What is required: Take the lines below between the one holding "Verleihmotorrad Triumph Tiger" and the one holding "Aucun travaux à prévoir", inclusive, and copy them exactly. Add nothing.

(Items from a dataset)
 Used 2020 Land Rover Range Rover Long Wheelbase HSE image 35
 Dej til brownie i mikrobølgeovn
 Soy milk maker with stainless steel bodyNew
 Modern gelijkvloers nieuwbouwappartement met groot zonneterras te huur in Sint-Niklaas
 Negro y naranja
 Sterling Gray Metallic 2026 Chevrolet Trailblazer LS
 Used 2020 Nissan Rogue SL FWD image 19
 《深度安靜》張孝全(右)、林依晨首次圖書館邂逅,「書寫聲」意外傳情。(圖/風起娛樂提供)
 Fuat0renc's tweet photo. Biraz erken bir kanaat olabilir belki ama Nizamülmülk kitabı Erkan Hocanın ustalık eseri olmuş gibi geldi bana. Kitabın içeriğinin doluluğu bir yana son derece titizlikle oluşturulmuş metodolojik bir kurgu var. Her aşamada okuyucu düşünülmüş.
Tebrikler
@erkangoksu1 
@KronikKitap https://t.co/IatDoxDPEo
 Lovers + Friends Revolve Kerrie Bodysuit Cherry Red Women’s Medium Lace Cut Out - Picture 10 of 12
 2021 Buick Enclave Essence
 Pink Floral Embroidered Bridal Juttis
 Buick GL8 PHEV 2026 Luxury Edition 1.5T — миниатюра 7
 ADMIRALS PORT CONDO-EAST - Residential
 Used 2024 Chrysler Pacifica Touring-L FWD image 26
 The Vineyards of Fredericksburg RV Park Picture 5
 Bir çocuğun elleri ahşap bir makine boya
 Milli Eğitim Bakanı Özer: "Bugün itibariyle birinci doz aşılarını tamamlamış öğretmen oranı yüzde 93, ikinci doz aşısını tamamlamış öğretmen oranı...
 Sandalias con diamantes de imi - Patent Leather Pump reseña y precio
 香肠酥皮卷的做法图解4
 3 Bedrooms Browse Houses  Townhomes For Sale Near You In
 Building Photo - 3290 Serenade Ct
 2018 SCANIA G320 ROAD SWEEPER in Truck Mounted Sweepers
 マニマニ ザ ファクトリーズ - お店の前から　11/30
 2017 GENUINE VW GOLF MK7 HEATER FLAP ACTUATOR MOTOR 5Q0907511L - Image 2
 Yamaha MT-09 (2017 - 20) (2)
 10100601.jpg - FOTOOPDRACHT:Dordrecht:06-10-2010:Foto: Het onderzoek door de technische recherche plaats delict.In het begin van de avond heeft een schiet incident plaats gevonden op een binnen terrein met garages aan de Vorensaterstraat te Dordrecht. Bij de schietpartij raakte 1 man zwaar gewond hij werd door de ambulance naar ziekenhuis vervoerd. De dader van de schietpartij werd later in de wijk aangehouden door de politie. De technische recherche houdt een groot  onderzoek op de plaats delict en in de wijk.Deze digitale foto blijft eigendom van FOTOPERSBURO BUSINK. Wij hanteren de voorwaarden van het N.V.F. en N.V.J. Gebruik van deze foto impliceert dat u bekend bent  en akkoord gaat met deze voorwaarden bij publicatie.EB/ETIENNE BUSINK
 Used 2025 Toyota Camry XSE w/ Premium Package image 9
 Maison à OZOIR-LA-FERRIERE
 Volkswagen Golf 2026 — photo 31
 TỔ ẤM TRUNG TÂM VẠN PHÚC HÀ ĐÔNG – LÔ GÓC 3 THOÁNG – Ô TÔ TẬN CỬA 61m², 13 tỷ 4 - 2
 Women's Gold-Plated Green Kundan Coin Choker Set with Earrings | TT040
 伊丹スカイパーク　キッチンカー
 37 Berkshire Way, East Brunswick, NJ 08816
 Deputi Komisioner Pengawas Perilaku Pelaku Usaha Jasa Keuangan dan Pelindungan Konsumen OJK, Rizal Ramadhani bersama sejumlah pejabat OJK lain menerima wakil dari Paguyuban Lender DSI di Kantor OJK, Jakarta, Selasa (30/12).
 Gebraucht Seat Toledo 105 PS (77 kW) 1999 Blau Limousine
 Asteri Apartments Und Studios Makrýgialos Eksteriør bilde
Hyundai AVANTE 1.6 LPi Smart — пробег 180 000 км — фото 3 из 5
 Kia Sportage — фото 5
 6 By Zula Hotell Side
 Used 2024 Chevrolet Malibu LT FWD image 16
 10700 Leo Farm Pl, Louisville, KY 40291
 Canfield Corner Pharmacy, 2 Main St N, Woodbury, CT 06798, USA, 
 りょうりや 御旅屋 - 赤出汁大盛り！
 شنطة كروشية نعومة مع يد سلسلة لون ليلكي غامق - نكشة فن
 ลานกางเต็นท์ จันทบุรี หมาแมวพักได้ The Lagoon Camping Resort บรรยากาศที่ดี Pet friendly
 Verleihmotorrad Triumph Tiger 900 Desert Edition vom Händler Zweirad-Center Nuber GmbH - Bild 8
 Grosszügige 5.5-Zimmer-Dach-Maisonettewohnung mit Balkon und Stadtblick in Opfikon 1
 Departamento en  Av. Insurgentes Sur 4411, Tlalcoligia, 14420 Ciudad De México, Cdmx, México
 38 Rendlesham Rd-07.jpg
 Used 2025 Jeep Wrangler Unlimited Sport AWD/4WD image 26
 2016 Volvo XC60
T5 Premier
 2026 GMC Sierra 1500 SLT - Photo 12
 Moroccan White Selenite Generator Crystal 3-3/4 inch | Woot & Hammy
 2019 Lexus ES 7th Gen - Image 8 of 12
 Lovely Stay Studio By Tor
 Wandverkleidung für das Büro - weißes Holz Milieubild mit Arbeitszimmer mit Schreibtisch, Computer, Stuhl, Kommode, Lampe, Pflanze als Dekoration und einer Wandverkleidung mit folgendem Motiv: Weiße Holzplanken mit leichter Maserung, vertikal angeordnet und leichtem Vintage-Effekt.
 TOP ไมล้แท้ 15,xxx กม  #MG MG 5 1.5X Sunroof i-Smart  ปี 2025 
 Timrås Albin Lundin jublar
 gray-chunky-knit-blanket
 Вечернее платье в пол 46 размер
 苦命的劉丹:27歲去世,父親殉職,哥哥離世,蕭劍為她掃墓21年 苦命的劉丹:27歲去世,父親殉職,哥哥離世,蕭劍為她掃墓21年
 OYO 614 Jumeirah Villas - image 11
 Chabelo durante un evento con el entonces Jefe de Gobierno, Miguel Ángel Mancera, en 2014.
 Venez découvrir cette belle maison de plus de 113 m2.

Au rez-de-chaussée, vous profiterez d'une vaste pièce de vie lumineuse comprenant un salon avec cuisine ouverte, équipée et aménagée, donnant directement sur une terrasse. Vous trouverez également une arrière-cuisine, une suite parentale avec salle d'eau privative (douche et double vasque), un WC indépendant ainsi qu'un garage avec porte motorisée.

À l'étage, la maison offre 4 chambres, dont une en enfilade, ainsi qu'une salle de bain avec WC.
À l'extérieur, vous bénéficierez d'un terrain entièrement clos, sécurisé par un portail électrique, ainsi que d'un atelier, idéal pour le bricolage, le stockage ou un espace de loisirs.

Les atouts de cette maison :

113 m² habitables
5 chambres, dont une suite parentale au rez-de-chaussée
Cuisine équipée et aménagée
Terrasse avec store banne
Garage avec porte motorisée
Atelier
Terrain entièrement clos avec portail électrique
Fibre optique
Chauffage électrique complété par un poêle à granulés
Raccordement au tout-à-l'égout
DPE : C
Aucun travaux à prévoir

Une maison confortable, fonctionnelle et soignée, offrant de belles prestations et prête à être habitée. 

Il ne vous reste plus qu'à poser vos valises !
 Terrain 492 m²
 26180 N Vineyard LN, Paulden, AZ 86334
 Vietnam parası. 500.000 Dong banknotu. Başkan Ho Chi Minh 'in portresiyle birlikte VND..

Solution to the problem:
 Verleihmotorrad Triumph Tiger 900 Desert Edition vom Händler Zweirad-Center Nuber GmbH - Bild 8
 Grosszügige 5.5-Zimmer-Dach-Maisonettewohnung mit Balkon und Stadtblick in Opfikon 1
 Departamento en  Av. Insurgentes Sur 4411, Tlalcoligia, 14420 Ciudad De México, Cdmx, México
 38 Rendlesham Rd-07.jpg
 Used 2025 Jeep Wrangler Unlimited Sport AWD/4WD image 26
 2016 Volvo XC60
T5 Premier
 2026 GMC Sierra 1500 SLT - Photo 12
 Moroccan White Selenite Generator Crystal 3-3/4 inch | Woot & Hammy
 2019 Lexus ES 7th Gen - Image 8 of 12
 Lovely Stay Studio By Tor
 Wandverkleidung für das Büro - weißes Holz Milieubild mit Arbeitszimmer mit Schreibtisch, Computer, Stuhl, Kommode, Lampe, Pflanze als Dekoration und einer Wandverkleidung mit folgendem Motiv: Weiße Holzplanken mit leichter Maserung, vertikal angeordnet und leichtem Vintage-Effekt.
 TOP ไมล้แท้ 15,xxx กม  #MG MG 5 1.5X Sunroof i-Smart  ปี 2025 
 Timrås Albin Lundin jublar
 gray-chunky-knit-blanket
 Вечернее платье в пол 46 размер
 苦命的劉丹:27歲去世,父親殉職,哥哥離世,蕭劍為她掃墓21年 苦命的劉丹:27歲去世,父親殉職,哥哥離世,蕭劍為她掃墓21年
 OYO 614 Jumeirah Villas - image 11
 Chabelo durante un evento con el entonces Jefe de Gobierno, Miguel Ángel Mancera, en 2014.
 Venez découvrir cette belle maison de plus de 113 m2.

Au rez-de-chaussée, vous profiterez d'une vaste pièce de vie lumineuse comprenant un salon avec cuisine ouverte, équipée et aménagée, donnant directement sur une terrasse. Vous trouverez également une arrière-cuisine, une suite parentale avec salle d'eau privative (douche et double vasque), un WC indépendant ainsi qu'un garage avec porte motorisée.

À l'étage, la maison offre 4 chambres, dont une en enfilade, ainsi qu'une salle de bain avec WC.
À l'extérieur, vous bénéficierez d'un terrain entièrement clos, sécurisé par un portail électrique, ainsi que d'un atelier, idéal pour le bricolage, le stockage ou un espace de loisirs.

Les atouts de cette maison :

113 m² habitables
5 chambres, dont une suite parentale au rez-de-chaussée
Cuisine équipée et aménagée
Terrasse avec store banne
Garage avec porte motorisée
Atelier
Terrain entièrement clos avec portail électrique
Fibre optique
Chauffage électrique complété par un poêle à granulés
Raccordement au tout-à-l'égout
DPE : C
Aucun travaux à prévoir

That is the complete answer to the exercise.